Provided data:
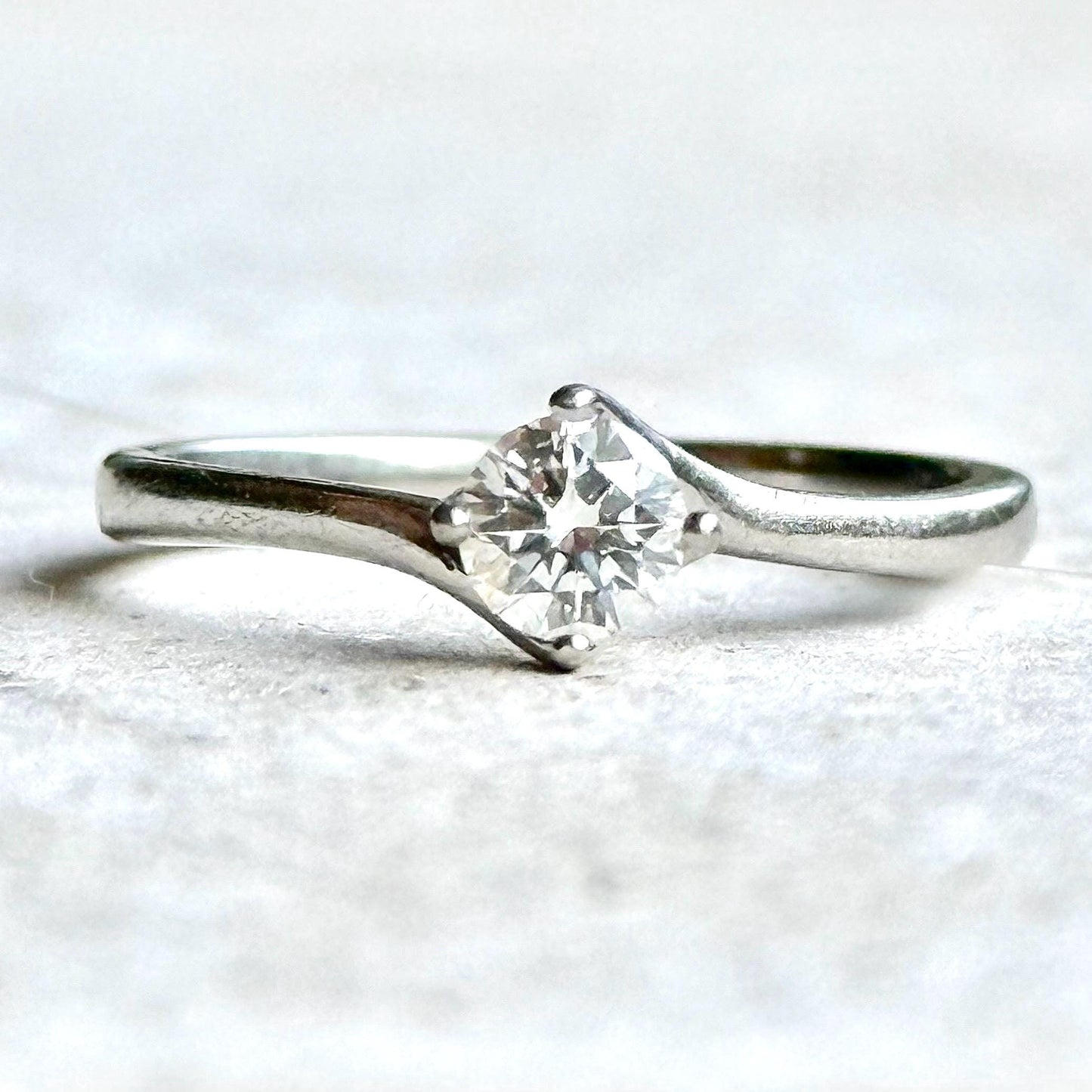 Preloved Diamond Twist Solitaire Ring in Platinum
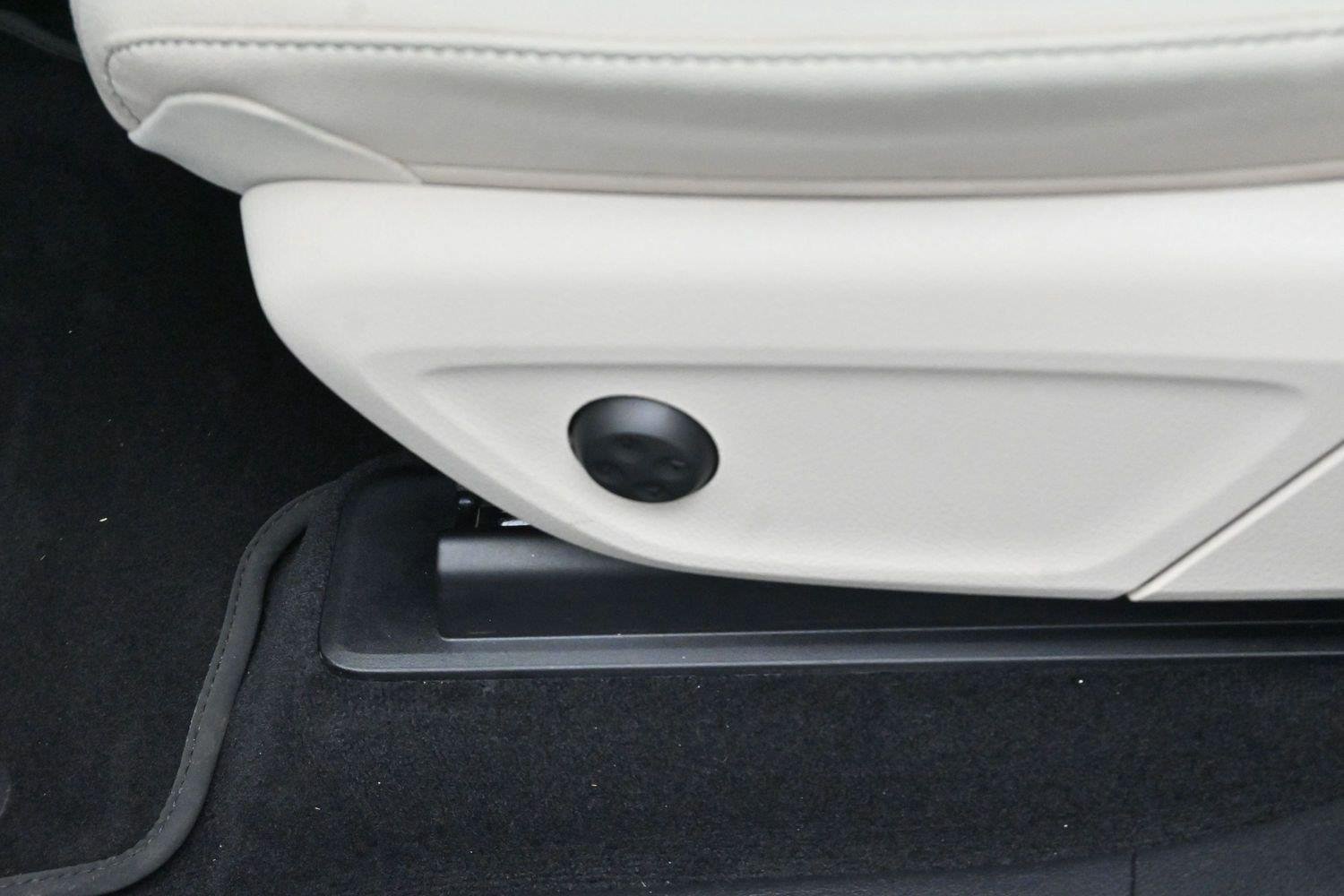 Used 2025 Polar White Mercedes-Benz GLS 450 image 17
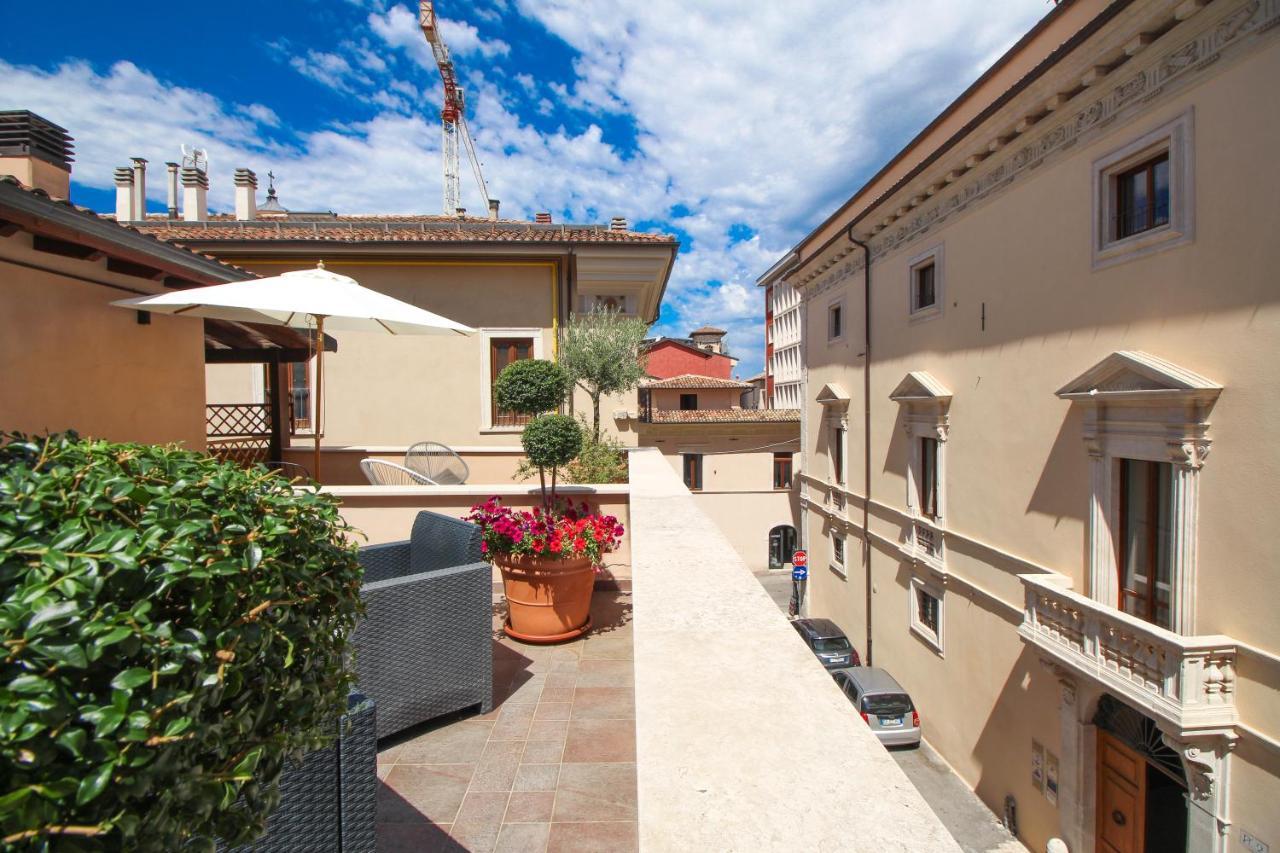 Al Maso In Centro B&B LʼAquila Buitenkant foto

Work to complete:
Return a verbatim transcription of the data, omitting all images.

Task response:
 Preloved Diamond Twist Solitaire Ring in Platinum
 Used 2025 Polar White Mercedes-Benz GLS 450 image 17
 Al Maso In Centro B&B LʼAquila Buitenkant foto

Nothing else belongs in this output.